As dez horas iniciais de Kingdom Hearts 3 foram marcadas por sentimentos mistos."

Sora agora também pode criar refeições no restaurante de Remy, o rato e mini-chef de Ratatouille. Por isso, é possível encontrar e coletar ingredientes para cozinhar pratos em divertidos mini-games. As refeições oferecem atributos temporários a Sora, mas essa não é uma atividade que vai influenciar de maneira significativa no seu progresso. Já os games do Classic Kingdom são puros passatempo e uma ótima opção para quem desejar descansar um pouco da jogatina principal.
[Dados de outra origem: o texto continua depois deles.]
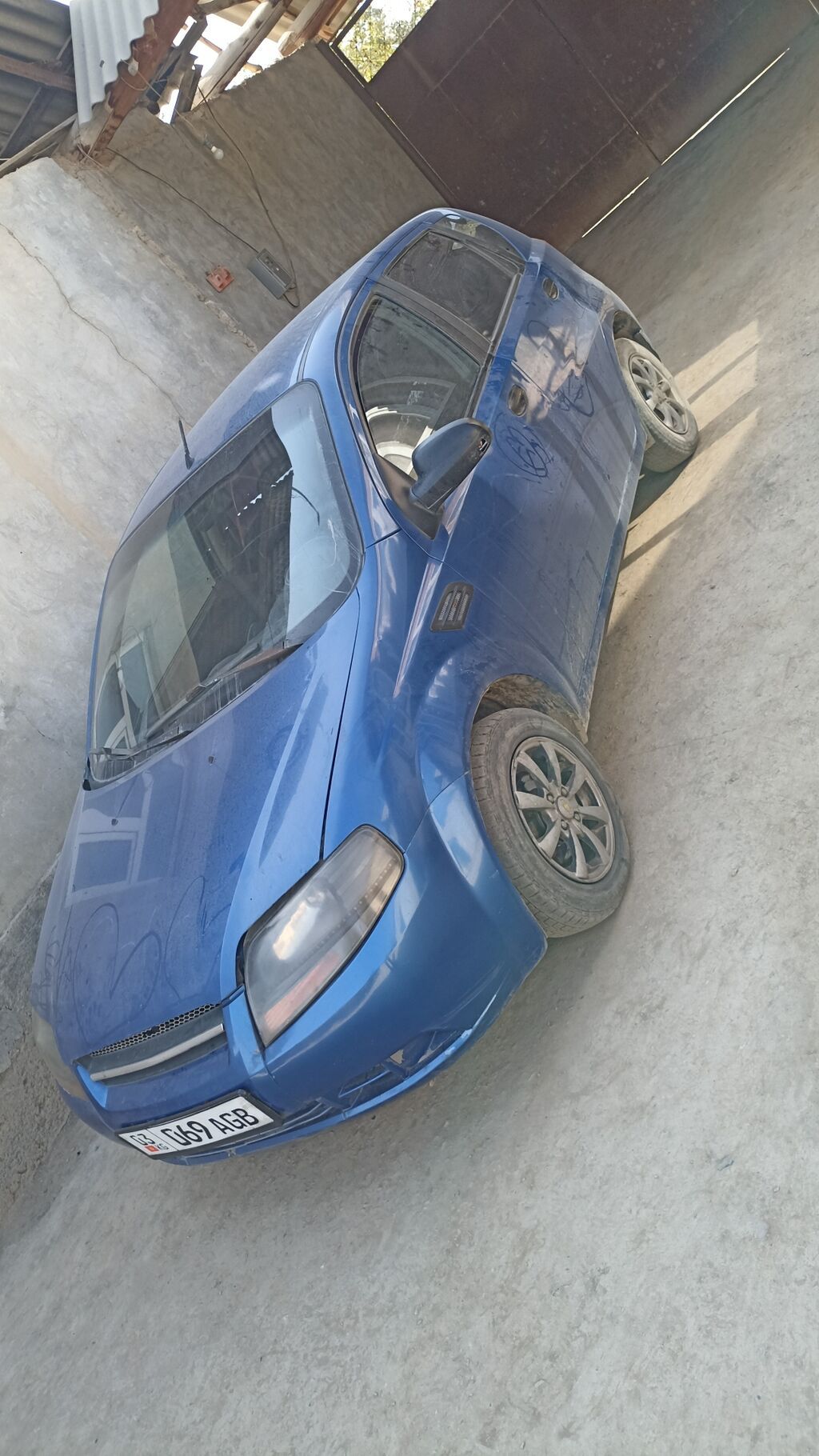Chevrolet Aveo: 2008 г., Механика, Бензин, Хэтчбэк — фото 2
Um fim para um novo começo

As minhas dez horas iniciais de jogo em Kingdom Hearts 3 foram marcadas por sentimentos mistos, especialmente por conta da lenta progressão da história (já de praxe). A jornada começa com Sora, Donald e Pateta viajando ao Olimpo a fim de buscar conselhos de Hércules, e, posteriormente, conquistar os poderes do herói. Isso obriga que o trio de amigos embarquem, mais uma vez, em uma jornada por vários mundos. Dessa forma, todas as reviravoltas e batalhas emocionantes estão concentradas no terceiro e último ato de Kingdom Hearts 3 e, até lá, temos a boa e velha enrolação nos mundos da Disney. A forma como as histórias das animações se encaixam na narrativa do game, entretanto, permanece convincente.
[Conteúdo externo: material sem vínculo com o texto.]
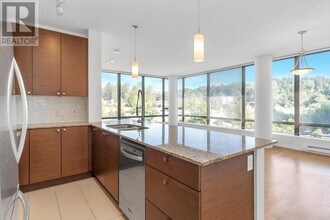 400-400 Capilano Rd in Port Moody, BC - Building Photo - Building Photo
Claro que adiantar a batalha contra Xehanort não seria a solução para melhorar o ritmo das primeiras horas, mas, sim distribuir outros desfechos importantes ao longo da narrativa, principalmente quando levamos em conta o quão sedento os fãs estão para encontrar e confrontar certos personagens. Ao mesmo tempo, a história de Kingdom Hearts 3 é bem amarrada e rever Sora, Donald e Pateta é cativante do primeiro ao último segundo. O game também se esforça o máximo possível para deixar tudo mastigado aos fãs, incluindo os novos jogadores. A complexidade ainda está lá, mas agora há meios para compreender o máximo possível, incluindo vídeos, disponíveis no menu inicial, que recapitulam os acontecimentos da série. Uma dúvida ou outra faz parte de Kingdom Hearts, portanto não se culpe quanto a isso. Uma falha grave neste aspecto, no entanto, é a ausência de legendas em português do Brasil.

Mesmo que tarde, Kingdom Hearts 3 garante um final épico e comovente para a saga Xehanort. É difícil descrever a emoção de finalmente poder ver e participar da conclusão que esperamos tanto -- e, conforme o epílogo e cena secreta sugerem, ainda há muito planejado para a franquia. Neste aspecto, o game entrega o que eu queria com alguns desfechos já esperados e supera minhas expectativas com outras surpresas. Na verdade, a minha ficha de que tudo isso aconteceu vai demorar um bocado para cair. A ideia de jogar Kingdom Hearts 3 sempre me pareceu distante, como se fosse algo inalcançável. Você passa anos cultivando expectativas, questionando se o momento realmente chegaria, até que chega. Essa é uma sensação com a qual eu dificilmente vou me acostumar. Poder finalizar este game é a realização de um sonho, enquanto ter a oportunidade de escrever este review é uma conquista pessoal.

Quem deve jogar este game?

Qualquer fã da franquia, mesmo os que estão há anos sem jogar um Kingdom Hearts, devem dar uma chance para a conclusão da história original e, principalmente, desfrutar do melhor combate da série. O investimento em Kingdom Hearts 3, tanto em tempo quanto em dinheiro, é alto demais para jogadores de primeira viagem que desejam apenas desfrutar um bom gameplay. Aos que buscaram entender a história da série, a continuação é mais convidativa em termos de complexidade narrativa. Entretanto, a emoção dos acontecimentos certamente não será a mesma para quem nunca jogou Kingdom Hearts.